*Exercise aim*: From the entries below, write out exactly the lines between the line holding "Trust in the" and the line holding "1,00 x 1000", inclusive, excluding any pictures.

*Given records*:
= = = = = = =

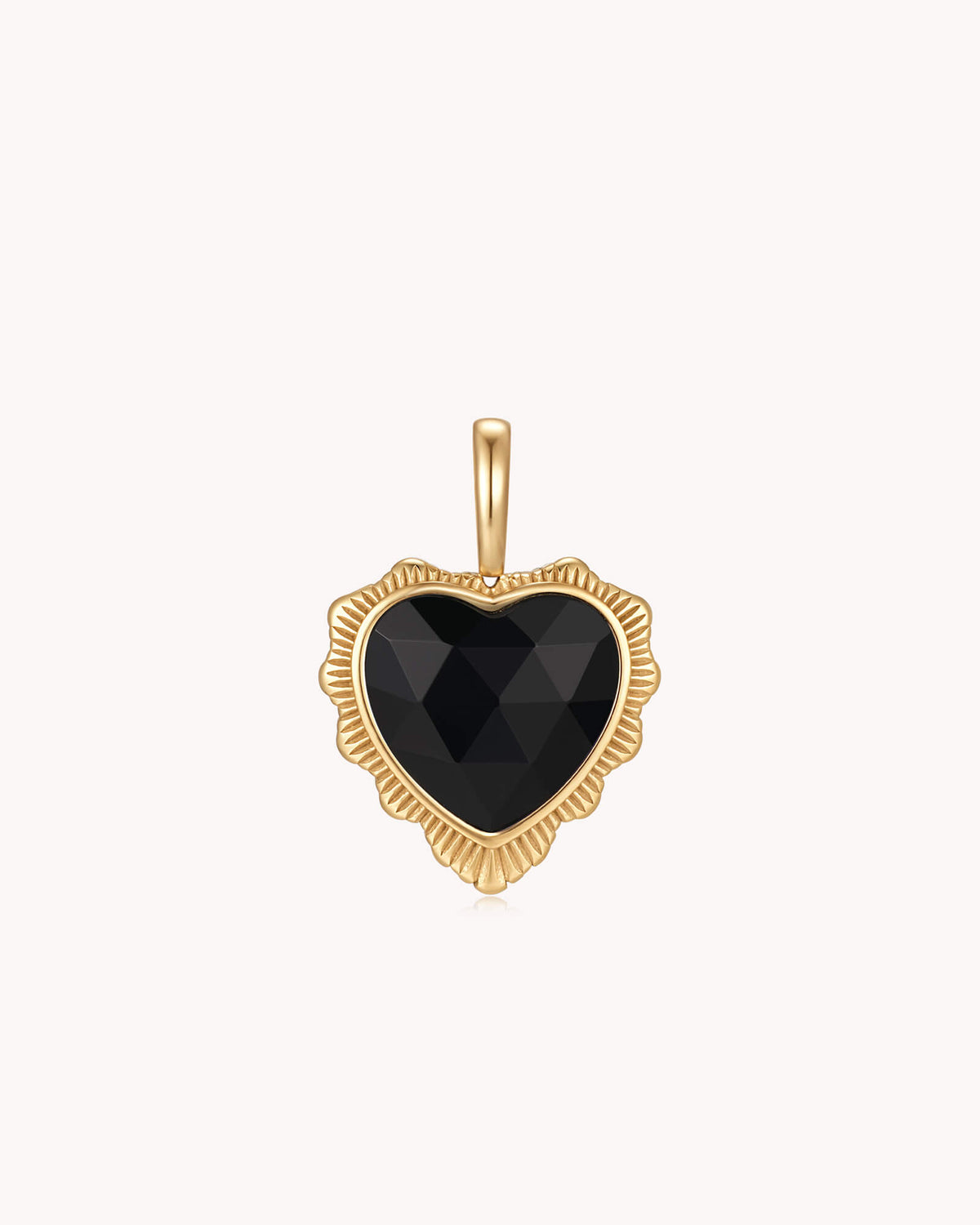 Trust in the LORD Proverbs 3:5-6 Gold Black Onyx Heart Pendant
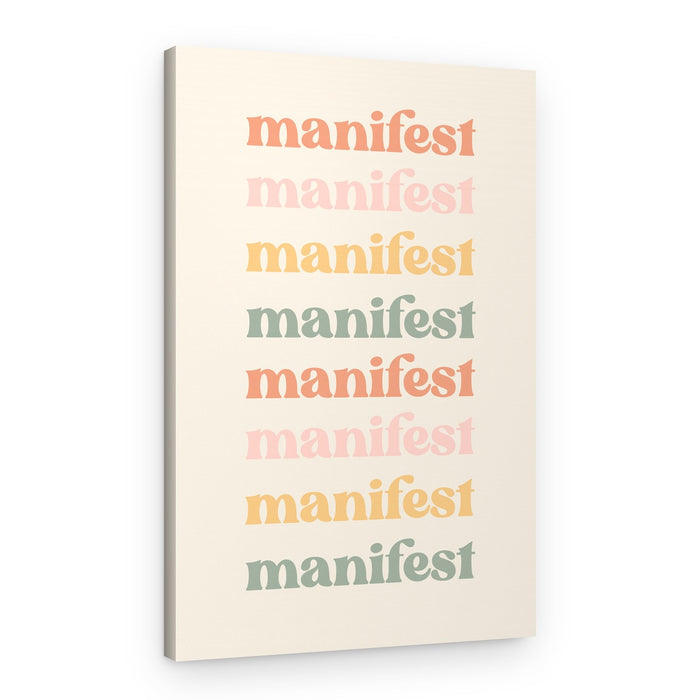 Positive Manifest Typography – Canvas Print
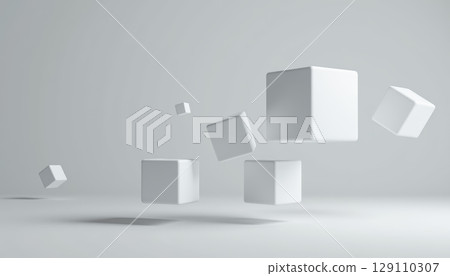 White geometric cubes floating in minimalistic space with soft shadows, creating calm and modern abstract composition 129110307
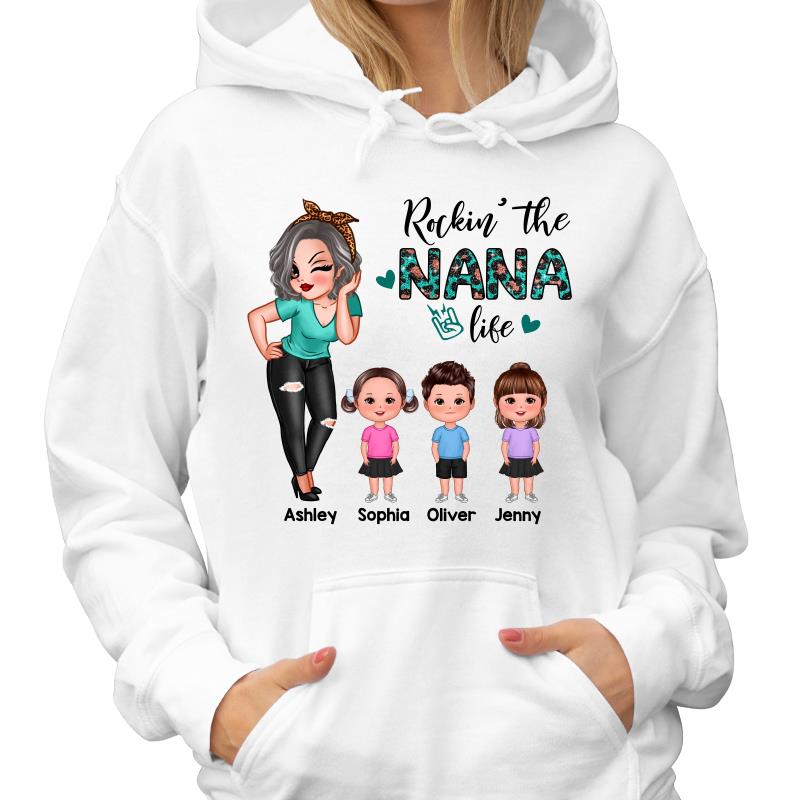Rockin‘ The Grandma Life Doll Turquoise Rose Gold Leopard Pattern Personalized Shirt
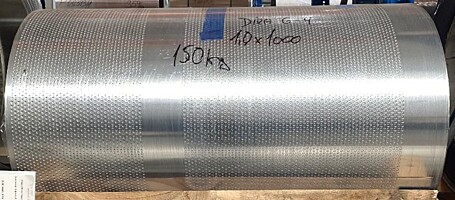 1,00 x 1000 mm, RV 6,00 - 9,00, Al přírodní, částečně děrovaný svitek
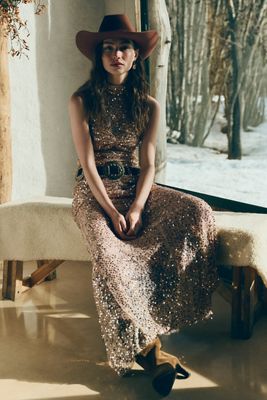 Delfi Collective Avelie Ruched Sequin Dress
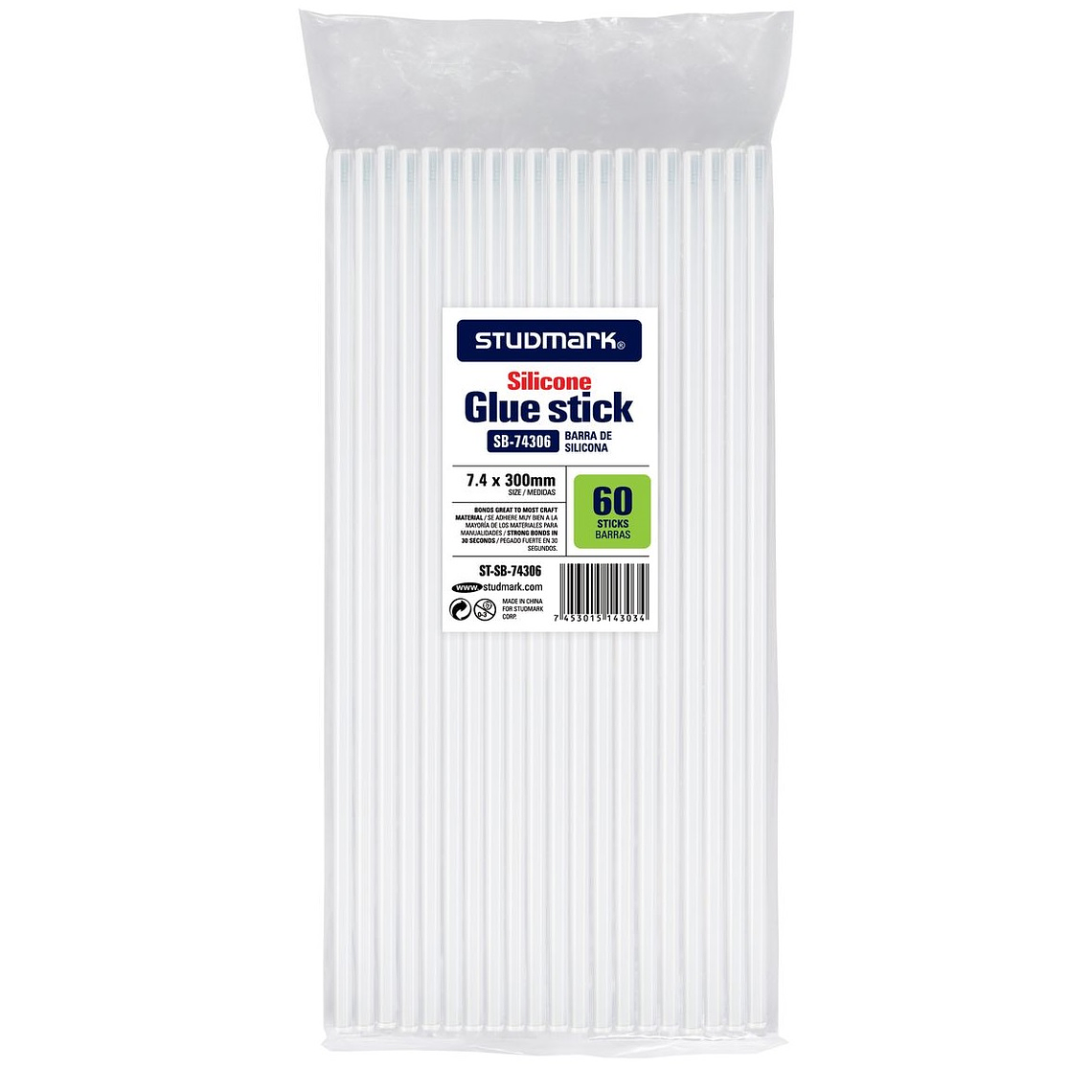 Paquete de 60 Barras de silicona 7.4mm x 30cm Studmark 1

= = = = = = =

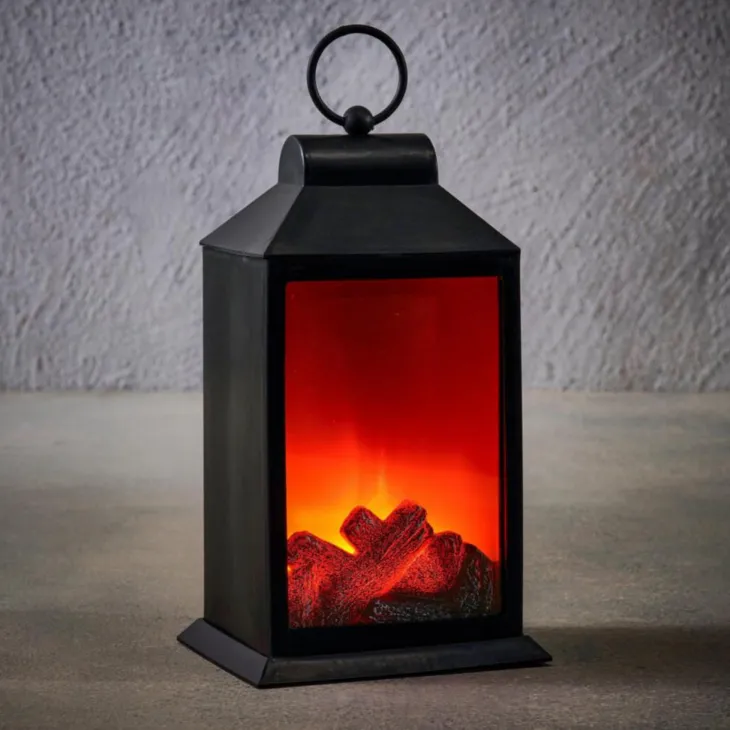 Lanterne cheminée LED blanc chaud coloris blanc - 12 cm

= = = = = = =

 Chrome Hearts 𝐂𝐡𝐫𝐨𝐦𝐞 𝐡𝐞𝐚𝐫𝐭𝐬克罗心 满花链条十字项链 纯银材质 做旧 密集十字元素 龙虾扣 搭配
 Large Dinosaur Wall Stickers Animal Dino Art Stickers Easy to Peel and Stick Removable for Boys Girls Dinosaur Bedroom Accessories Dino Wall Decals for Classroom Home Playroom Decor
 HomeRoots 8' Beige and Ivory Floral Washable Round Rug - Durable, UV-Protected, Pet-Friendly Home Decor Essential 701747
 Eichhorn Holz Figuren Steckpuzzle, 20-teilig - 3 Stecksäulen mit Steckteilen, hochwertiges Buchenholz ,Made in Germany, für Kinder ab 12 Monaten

= = = = = = =

*Exercise response*:
 Trust in the LORD Proverbs 3:5-6 Gold Black Onyx Heart Pendant
 Positive Manifest Typography – Canvas Print
 White geometric cubes floating in minimalistic space with soft shadows, creating calm and modern abstract composition 129110307
Rockin‘ The Grandma Life Doll Turquoise Rose Gold Leopard Pattern Personalized Shirt
 1,00 x 1000 mm, RV 6,00 - 9,00, Al přírodní, částečně děrovaný svitek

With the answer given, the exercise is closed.